**DATA BLOCK**:
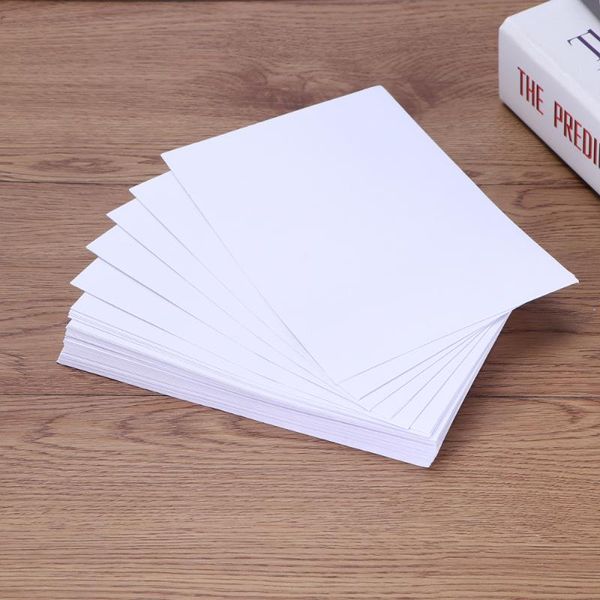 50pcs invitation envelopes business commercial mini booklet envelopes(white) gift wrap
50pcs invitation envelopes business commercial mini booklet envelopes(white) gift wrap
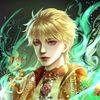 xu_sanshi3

**WHAT THE EXERCISE ASKS**: Reproduce each line above exactly, but not a single picture.

**RESPONSE AREA**:
 50pcs invitation envelopes business commercial mini booklet envelopes(white) gift wrap
50pcs invitation envelopes business commercial mini booklet envelopes(white) gift wrap
 xu_sanshi3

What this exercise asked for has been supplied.